WHAT YOU WILL DO ▸ Copy exactly the lines from the first line of the records below through the line containing "72 Hours in Philadelphia", including both, and nothing else.

DATA EXTRACT below:

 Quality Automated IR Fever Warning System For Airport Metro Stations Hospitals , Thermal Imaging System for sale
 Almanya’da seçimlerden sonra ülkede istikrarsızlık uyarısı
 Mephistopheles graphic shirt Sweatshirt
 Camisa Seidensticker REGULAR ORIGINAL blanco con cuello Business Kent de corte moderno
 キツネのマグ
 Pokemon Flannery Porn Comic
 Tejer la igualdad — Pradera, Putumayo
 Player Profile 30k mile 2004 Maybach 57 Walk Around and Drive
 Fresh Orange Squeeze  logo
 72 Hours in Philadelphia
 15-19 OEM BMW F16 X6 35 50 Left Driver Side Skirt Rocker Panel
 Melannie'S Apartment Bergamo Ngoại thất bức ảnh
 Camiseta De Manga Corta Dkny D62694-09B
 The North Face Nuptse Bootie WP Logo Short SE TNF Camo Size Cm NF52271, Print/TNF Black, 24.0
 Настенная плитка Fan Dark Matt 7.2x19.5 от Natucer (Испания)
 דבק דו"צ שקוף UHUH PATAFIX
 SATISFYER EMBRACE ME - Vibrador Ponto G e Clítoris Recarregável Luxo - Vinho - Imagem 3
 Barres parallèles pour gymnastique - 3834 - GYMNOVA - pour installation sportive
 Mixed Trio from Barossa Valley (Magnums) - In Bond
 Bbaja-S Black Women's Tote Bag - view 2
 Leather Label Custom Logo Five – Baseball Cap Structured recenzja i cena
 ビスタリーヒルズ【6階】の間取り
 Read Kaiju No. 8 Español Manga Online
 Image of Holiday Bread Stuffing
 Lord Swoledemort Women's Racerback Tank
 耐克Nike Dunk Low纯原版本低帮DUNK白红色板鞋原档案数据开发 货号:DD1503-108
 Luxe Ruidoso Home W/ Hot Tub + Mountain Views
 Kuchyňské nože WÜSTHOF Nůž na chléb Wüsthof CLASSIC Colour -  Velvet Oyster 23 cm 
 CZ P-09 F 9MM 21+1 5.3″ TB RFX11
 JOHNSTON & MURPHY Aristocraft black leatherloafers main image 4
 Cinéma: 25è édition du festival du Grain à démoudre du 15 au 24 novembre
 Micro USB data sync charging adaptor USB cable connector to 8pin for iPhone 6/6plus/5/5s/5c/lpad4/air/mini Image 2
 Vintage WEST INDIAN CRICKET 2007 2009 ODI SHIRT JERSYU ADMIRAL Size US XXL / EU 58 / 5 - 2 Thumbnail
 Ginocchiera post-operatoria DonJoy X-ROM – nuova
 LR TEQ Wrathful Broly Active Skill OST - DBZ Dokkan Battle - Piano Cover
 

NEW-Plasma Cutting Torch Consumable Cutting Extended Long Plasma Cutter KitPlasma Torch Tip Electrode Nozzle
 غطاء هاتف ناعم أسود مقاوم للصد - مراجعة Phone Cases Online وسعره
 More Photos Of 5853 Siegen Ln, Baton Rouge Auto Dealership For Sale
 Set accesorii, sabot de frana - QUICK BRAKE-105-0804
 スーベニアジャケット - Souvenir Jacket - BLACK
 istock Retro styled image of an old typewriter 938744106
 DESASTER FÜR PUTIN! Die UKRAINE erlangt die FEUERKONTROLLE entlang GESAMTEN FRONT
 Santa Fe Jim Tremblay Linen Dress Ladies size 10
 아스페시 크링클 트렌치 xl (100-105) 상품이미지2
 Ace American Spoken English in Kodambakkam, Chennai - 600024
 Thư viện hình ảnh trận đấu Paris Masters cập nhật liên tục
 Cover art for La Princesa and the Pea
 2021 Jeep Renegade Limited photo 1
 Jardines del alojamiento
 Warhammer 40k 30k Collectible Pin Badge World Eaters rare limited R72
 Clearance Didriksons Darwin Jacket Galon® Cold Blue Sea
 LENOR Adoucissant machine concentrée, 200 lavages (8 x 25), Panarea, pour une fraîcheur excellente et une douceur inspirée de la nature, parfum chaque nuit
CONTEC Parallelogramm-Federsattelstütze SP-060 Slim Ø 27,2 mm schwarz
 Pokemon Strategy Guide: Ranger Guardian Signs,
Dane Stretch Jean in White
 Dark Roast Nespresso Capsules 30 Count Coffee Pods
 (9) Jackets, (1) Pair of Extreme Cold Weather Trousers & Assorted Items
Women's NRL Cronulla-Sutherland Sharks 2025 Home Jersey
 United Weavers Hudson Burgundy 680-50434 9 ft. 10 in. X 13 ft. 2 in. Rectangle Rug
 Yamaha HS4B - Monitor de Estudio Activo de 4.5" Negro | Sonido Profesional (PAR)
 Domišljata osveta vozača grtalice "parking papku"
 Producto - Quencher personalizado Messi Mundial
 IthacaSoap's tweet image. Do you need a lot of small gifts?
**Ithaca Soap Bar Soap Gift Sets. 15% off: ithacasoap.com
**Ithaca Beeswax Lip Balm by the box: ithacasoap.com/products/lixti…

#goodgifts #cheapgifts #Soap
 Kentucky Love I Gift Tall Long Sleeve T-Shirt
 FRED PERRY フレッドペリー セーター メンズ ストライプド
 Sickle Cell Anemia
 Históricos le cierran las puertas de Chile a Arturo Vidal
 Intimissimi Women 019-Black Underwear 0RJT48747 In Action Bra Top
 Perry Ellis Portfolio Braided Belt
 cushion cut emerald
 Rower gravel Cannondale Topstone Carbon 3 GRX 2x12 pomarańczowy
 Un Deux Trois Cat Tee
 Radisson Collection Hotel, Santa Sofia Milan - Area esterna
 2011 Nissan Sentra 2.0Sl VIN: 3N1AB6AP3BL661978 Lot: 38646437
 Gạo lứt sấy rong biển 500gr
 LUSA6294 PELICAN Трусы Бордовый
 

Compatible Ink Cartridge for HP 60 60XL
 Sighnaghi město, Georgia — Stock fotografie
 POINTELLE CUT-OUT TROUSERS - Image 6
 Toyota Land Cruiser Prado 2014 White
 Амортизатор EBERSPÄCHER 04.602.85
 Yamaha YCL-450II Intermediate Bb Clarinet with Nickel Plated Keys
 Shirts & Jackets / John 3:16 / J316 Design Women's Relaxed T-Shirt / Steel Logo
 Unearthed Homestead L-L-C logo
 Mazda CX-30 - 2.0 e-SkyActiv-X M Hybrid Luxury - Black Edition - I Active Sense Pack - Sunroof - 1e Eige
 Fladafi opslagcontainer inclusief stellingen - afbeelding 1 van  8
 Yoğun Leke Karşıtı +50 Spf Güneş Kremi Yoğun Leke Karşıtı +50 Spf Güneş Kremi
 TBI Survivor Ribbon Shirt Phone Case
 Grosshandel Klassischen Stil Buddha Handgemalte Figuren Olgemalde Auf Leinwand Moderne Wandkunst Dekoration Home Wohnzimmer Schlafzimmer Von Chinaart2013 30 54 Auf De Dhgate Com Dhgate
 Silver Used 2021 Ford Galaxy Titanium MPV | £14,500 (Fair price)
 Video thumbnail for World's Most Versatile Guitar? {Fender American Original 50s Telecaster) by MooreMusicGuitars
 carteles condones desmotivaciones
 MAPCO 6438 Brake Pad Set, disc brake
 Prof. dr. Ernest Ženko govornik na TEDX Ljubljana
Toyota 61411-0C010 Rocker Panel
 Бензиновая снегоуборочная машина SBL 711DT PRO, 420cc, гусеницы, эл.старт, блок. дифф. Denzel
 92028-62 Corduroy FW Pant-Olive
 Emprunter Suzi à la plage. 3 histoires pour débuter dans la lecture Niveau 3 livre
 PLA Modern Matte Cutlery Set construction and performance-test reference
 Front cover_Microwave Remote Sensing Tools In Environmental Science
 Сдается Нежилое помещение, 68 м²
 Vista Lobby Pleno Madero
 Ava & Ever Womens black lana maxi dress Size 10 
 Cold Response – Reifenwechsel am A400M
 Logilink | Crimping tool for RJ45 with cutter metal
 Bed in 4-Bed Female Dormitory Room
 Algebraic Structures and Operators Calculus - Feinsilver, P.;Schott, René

End of DATA EXTRACT.

EXERCISE OUTPUT ▸
 Quality Automated IR Fever Warning System For Airport Metro Stations Hospitals , Thermal Imaging System for sale
 Almanya’da seçimlerden sonra ülkede istikrarsızlık uyarısı
 Mephistopheles graphic shirt Sweatshirt
 Camisa Seidensticker REGULAR ORIGINAL blanco con cuello Business Kent de corte moderno
 キツネのマグ
 Pokemon Flannery Porn Comic
 Tejer la igualdad — Pradera, Putumayo
 Player Profile 30k mile 2004 Maybach 57 Walk Around and Drive
 Fresh Orange Squeeze  logo
 72 Hours in Philadelphia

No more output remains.